**WORK REQUIRED**
If pictures appear in the lines below, skip them and copy exactly the lines from the one containing "Gucci X Adidas" through the one containing "Tall Boy Black", and nothing else.
(Beginning of THE RECORDS)
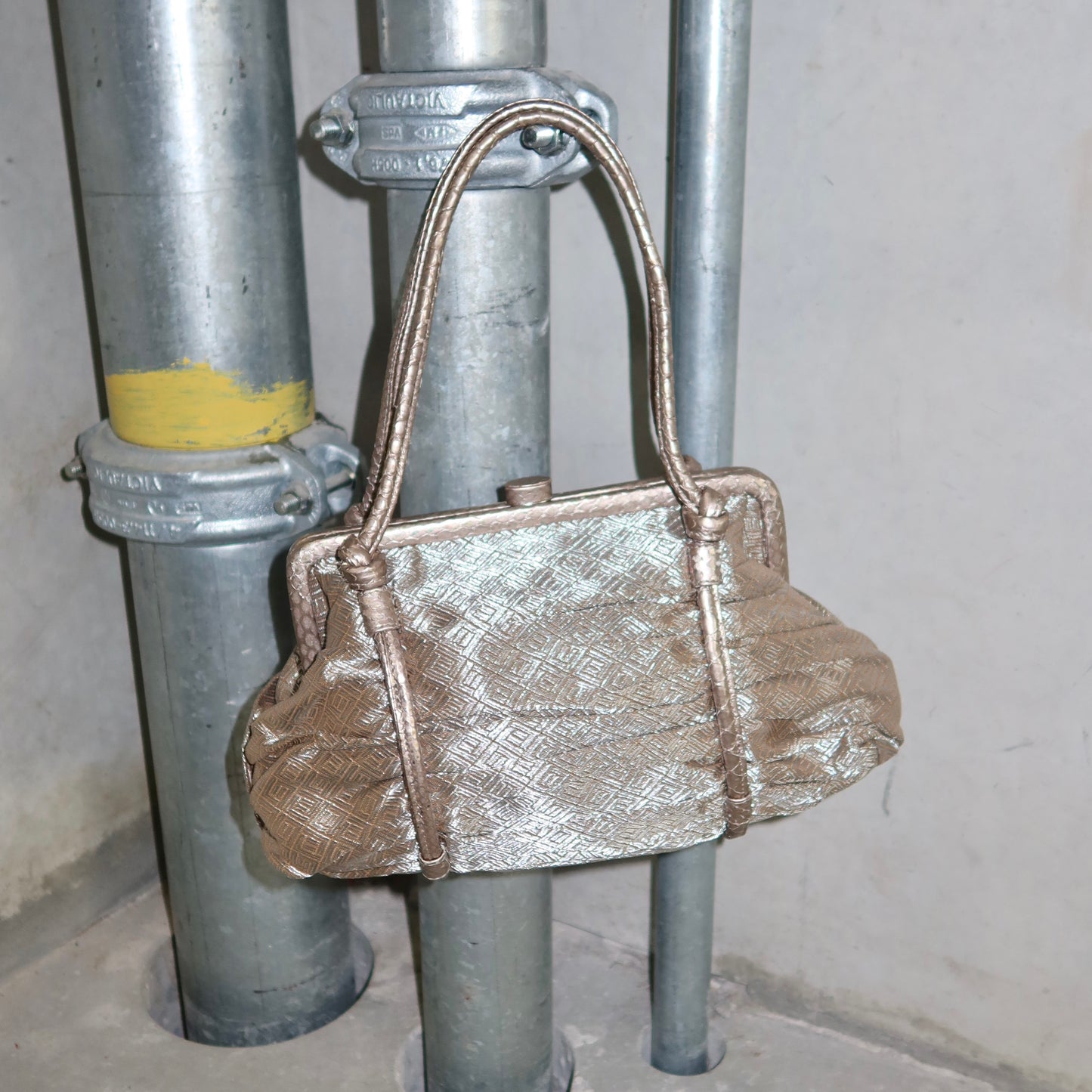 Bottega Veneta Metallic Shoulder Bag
(End of THE RECORDS)
(Beginning of THE RECORDS)
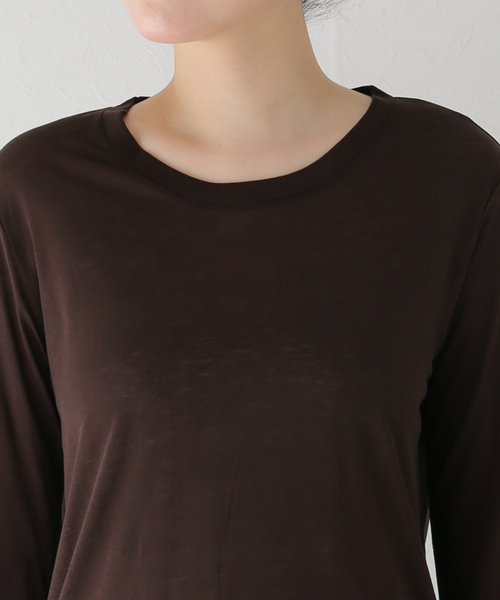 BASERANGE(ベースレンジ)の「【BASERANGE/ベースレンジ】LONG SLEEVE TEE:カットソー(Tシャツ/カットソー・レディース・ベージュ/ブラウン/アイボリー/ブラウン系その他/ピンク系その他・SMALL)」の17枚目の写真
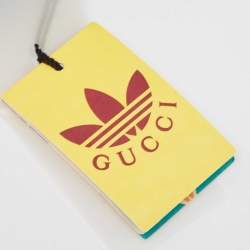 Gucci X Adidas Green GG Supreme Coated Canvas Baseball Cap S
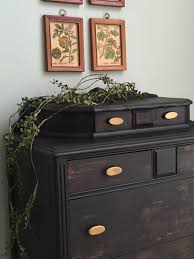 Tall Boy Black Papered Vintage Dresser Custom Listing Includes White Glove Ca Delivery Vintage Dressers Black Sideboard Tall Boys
(End of THE RECORDS)
**ANSWER AREA**
 Gucci X Adidas Green GG Supreme Coated Canvas Baseball Cap S
 Tall Boy Black Papered Vintage Dresser Custom Listing Includes White Glove Ca Delivery Vintage Dressers Black Sideboard Tall Boys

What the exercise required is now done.